The laser printer 1 according to this aspect of the present invention is provided with the pressure force adjusting mechanism 60 for the backup roller 54 with respect to the cleaning roller 40 in the cleaning mode and the non-cleaning mode. More specifically, while the sheet 3 is carried on the sheet carrier belt 38 from the feeder tray 7 to transfer the toner image and to be thermally fixed by the fixation unit in response to a command for the image forming (the laser printer 1 is in the image forming operation), the pressure force adjusting mechanism 60 places the backup roller 54 at the position apart from the sheet carrier belt 38 (the pressure force adjusting mechanism 60 is in the non-cleaning operation). Meanwhile, while the pressure force adjusting mechanism 60 is in the cleaning operation, the pressure force adjusting mechanism 60 moves the backup roller 54 into contact with the sheet carrier belt 38 so as to be moved to the contact position between the backup roller 54 and the cleaning roller 40. This aspect is structured to press the backup roller 54 against the cleaning roller 40 only in the cleaning operation such that the contact pressure between backup roller 54 and cleaning roller 40 (or the cleaning pressure) required for the cleaning is obtained. In this case, the cleaning roller 40 and the metal roller 52 never exert the running load to the sheet carrier belt 38, whether in the cleaning operation or in the non-cleaning operation of the structure that is constantly driven to rotate. In the non-cleaning operation, the backup roller 54 does not have to be moved to the position completely apart from the sheet carrier belt 38. Those skilled in the art will understand that backup roller 54 may be brought into light contact with the sheet carrier belt 38 so long as the operation of the sheet carrier belt 38 is not interfered.

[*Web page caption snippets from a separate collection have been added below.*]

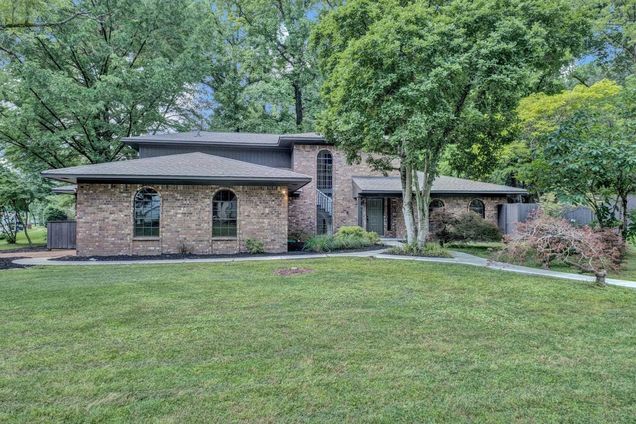 2357 Thornwood Ln Memphis, TN House Active - Photo 1 of 39. Opens carousel modal
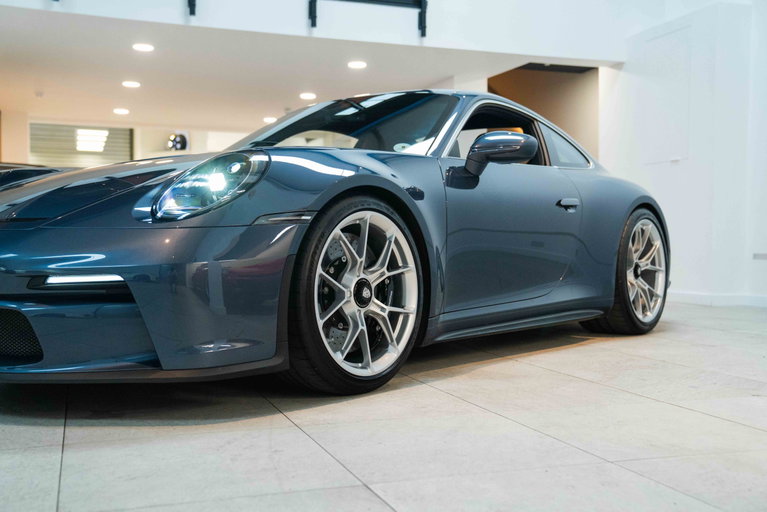 Porsche 992 GT3 Touring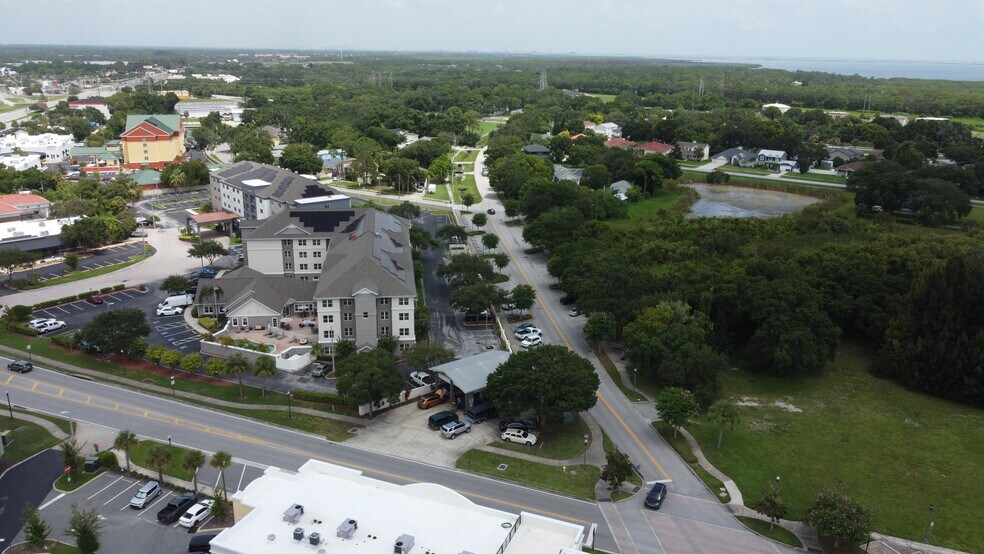 More Photos Of 600 Saint Petersburg Dr E, Oldsmar Auto Repair For Sale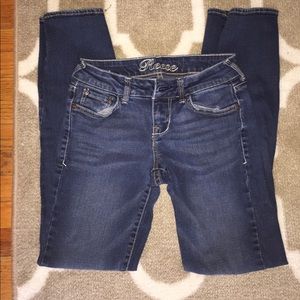 dELiA's REESE style jeans!!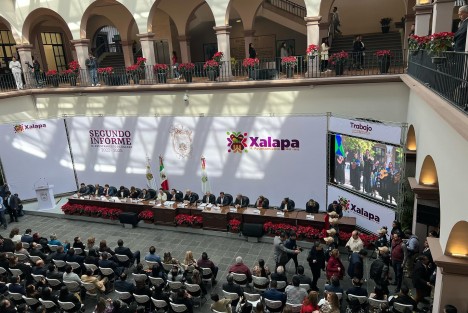 En sesión de Cabildo realizada en el patio central del Palacio Municipal de Xalapa, el alcalde Ricardo Ahued Bardahuil rindió su 2do. Informe de labores al frente de la administración municipal.
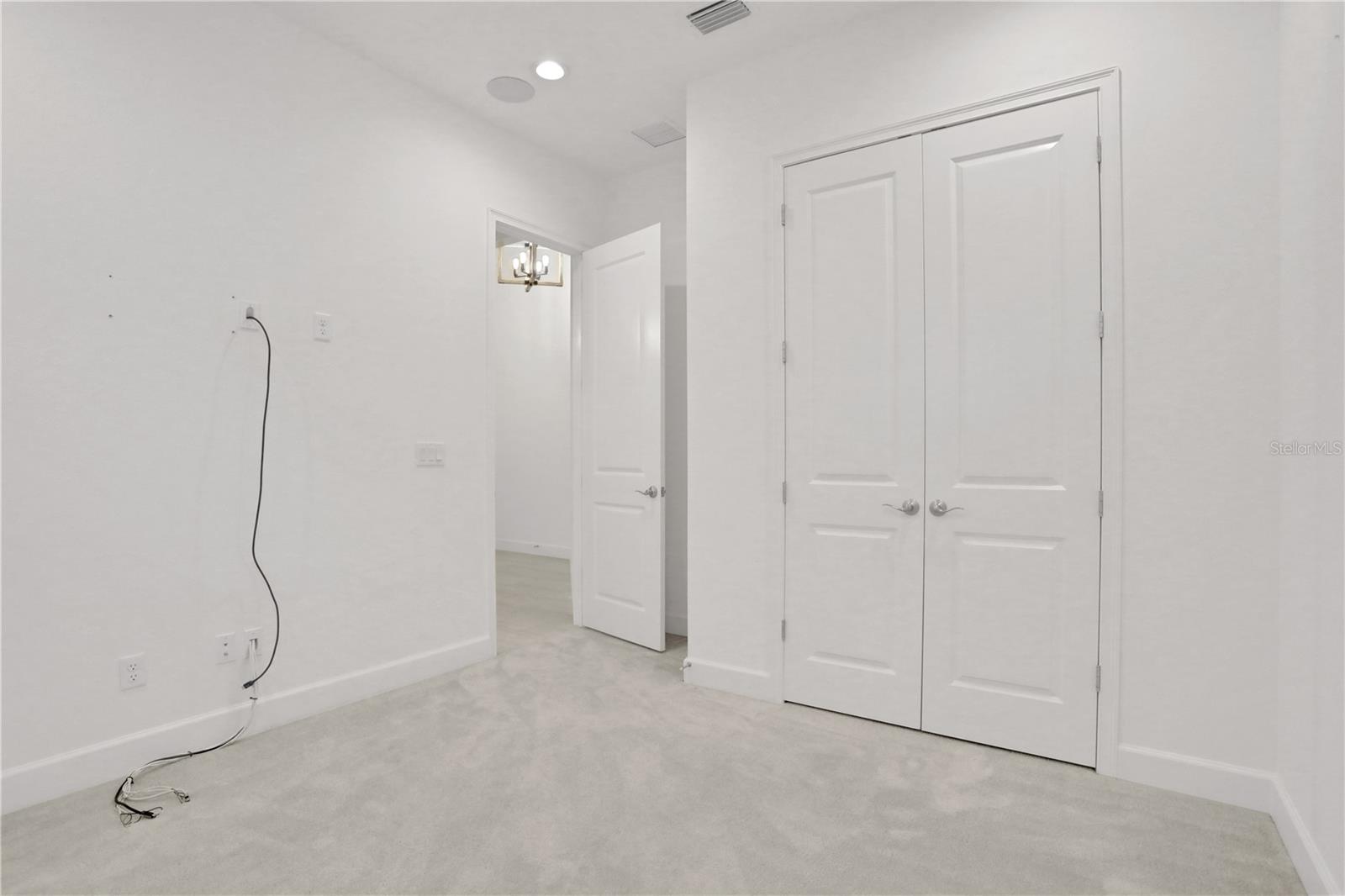 Image 34 of 58 For 6239 Woodhaven Village Drive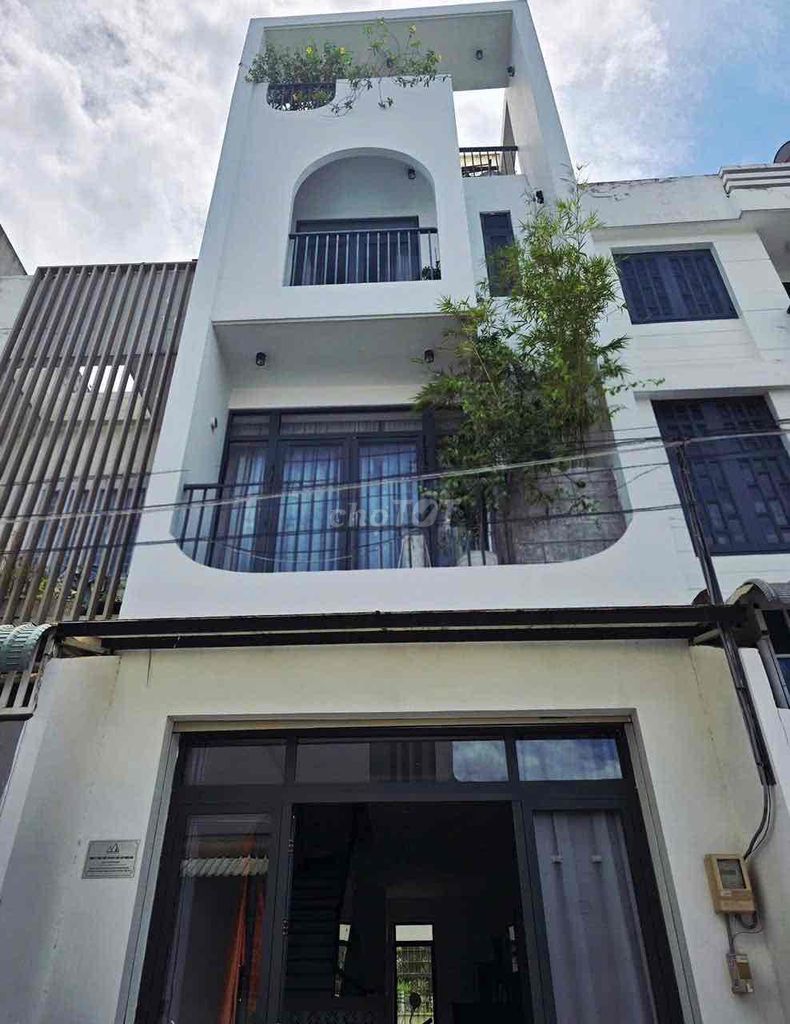 NHÀ ĐẸP FULL NỘI THẤT 3LẦU 4PN NGAY NGUYỄN DUY TRINH-VÒNG XOAY PHÚ HỮU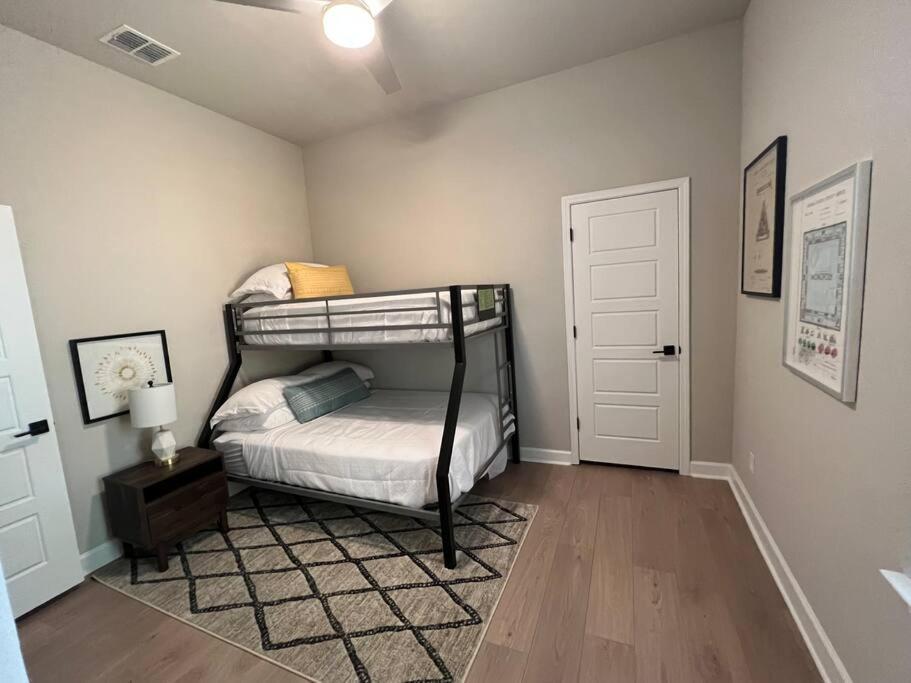 The Retreat At Rigsby-all New 3bdrm/2.5 Bath Villa
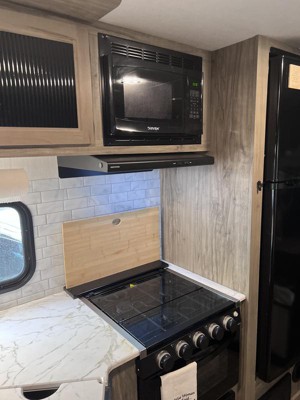 Guest review image 1 of 6, zoom in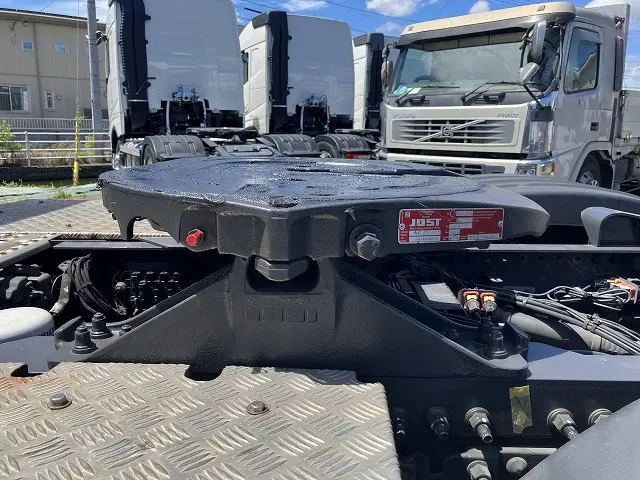 ボルボ FH トラクター 2KG-4K2TEA1(2WD)の写真11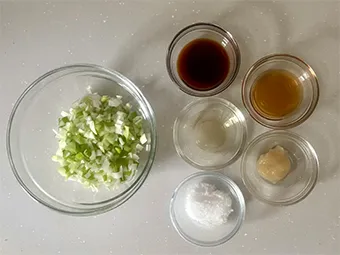 ネギだれ蒸し鶏の下準備 その3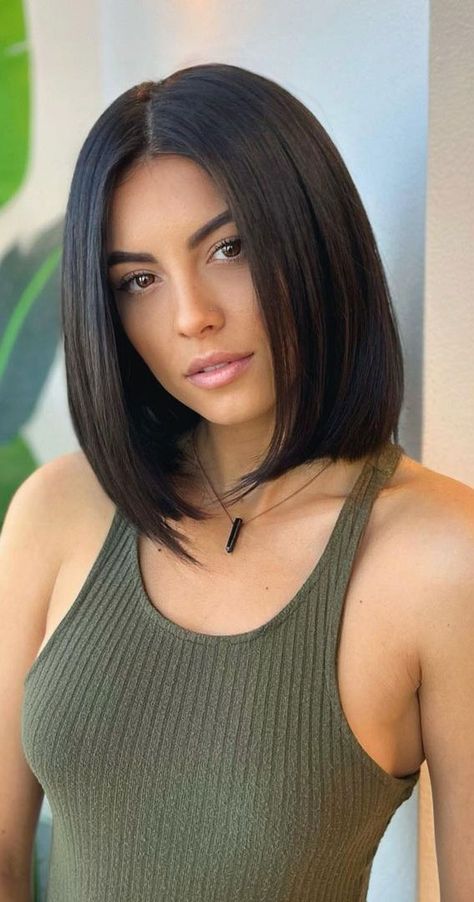 Lob With Volume, Straight Lob Hair, Long Layered Bob Hairstyles Mid Length, Lobe Haircuts, Trendy Medium Length Haircuts 2022, Haircut 2022 Trends Women Medium, Medium Length Haircut Middle Part, Long Bob Dark Hair, One Length Lob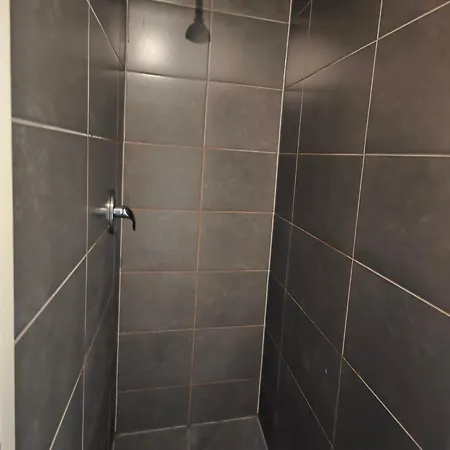 Neu Maisonette Haus Jedes Mit Eigenem Bad 7 Betten, Schlafen Im Mit Einbaukueche Appartement *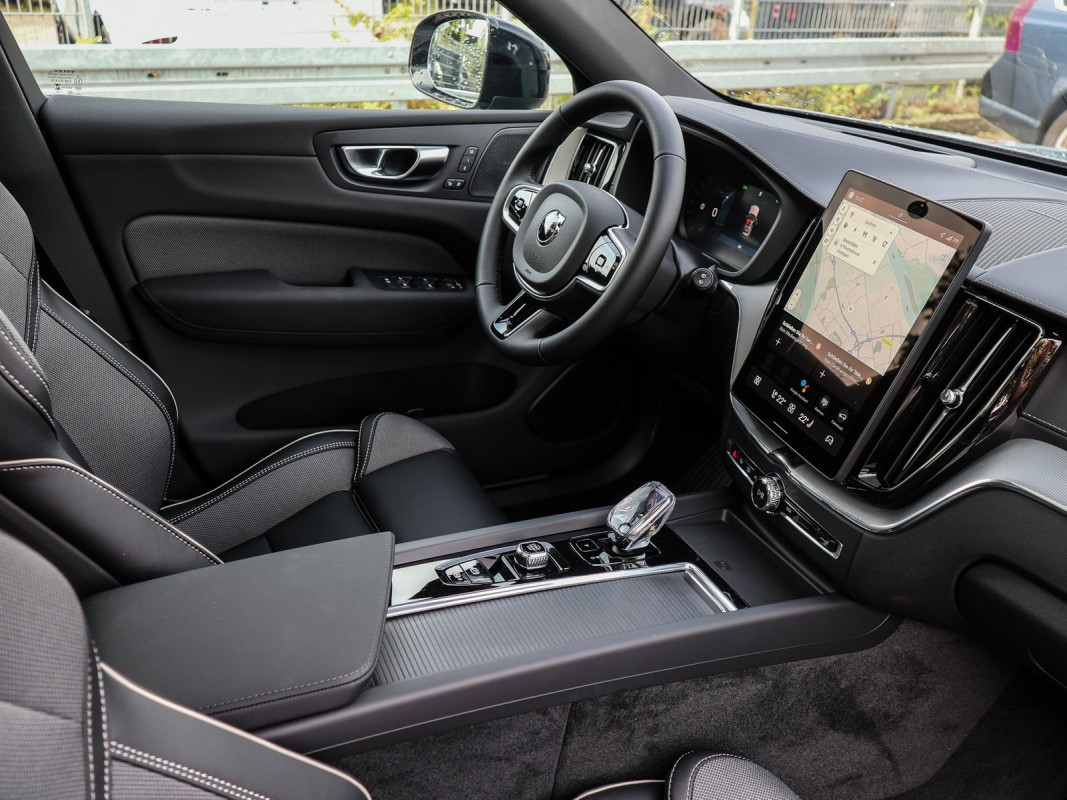 Volvo XC60 T6 Plus Black Edition - SUV/Off-road - Grau - Neuwagen - Bild 3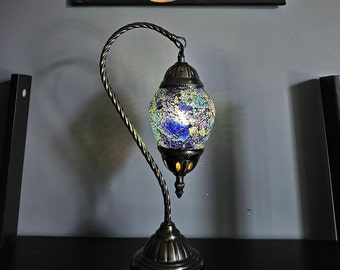 Lampe cygne turque, lampe de table en mosaïque, lampe marocaine authentique, lampe col de cygne, lampe de bureau Tiffany, vitrail, chevet de la lampe, ampoule gratuite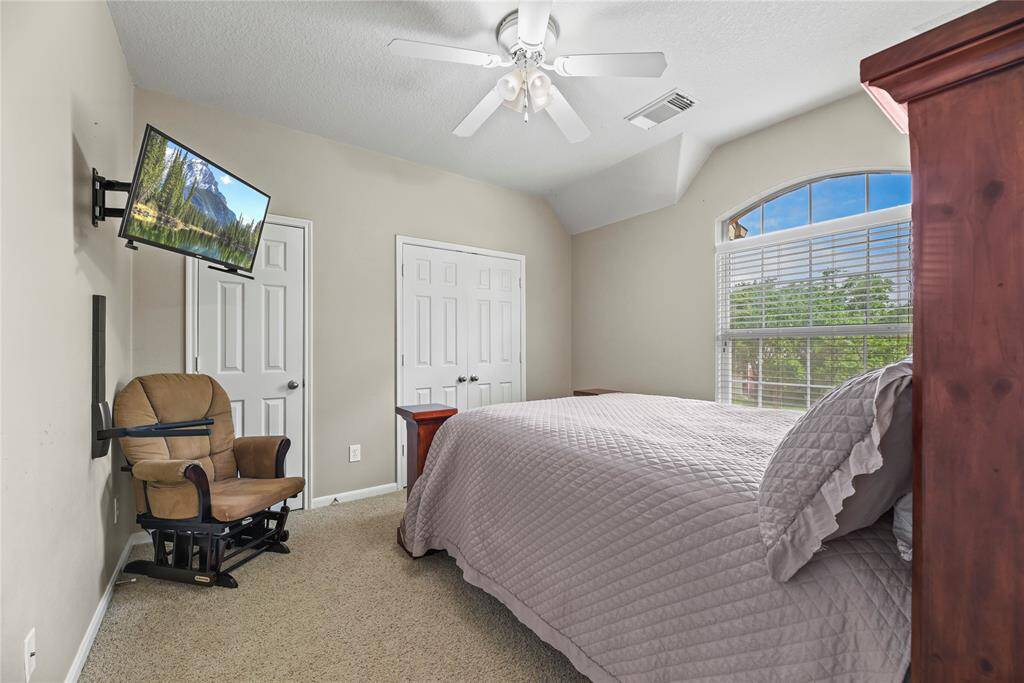 Multiple shower and tub combinations in the home make life easier and more gratifying. Guests are sure to appreciate the convenience of multiple bathing and grooming options.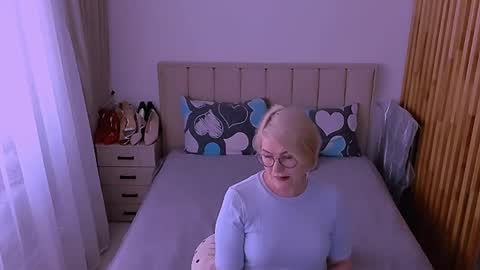 Snapshot of sabrinamacmarren chatting on 05.17.26 Sabrina MacMarren online show from 05.17.26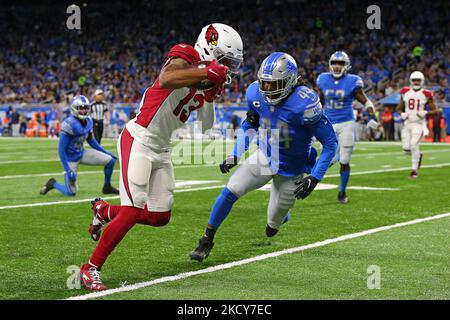 Christian Kirk (13), grand receveur des Arizona Cardinals, joue le ballon pendant la première moitié d'un match de football de la NFL contre les Arizona Cardinals à Detroit, Michigan, États-Unis, dimanche, 19 décembre 2021. (Photo de Jorge Lemus/NurPhoto) Banque D'Images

Referring to FIG. 4, the backup roller 54 is rotatably held at a pair of swing holding arms 61 and 61 at both ends (left and right ends). Each of the swing holding arms 61 has its front end swingable up and down at the rear end and axially supported with a support shaft (not shown in FIG. 4, and shown by a chain in line J in FIGS. 9 to 11) provided at the side of the body casing 2 in parallel with the backup roller 54. The swing holding arm 61 has its swing end (front end) pressed downward (toward the cleaning unit 41) by a pressure spring 62 as the urging member. Referring to FIG. 4, the backup roller 54, the pair of swing holding arms 61 and the pressure springs 62 are installed in the sheet carrier unit 35 formed as the belt unit. The sheet carrier belt 38 should be shown as being in contact between the backup roller 54 and the cleaning roller 40. However, the sheet carrier belt 38 is not shown for illustrative simplicity.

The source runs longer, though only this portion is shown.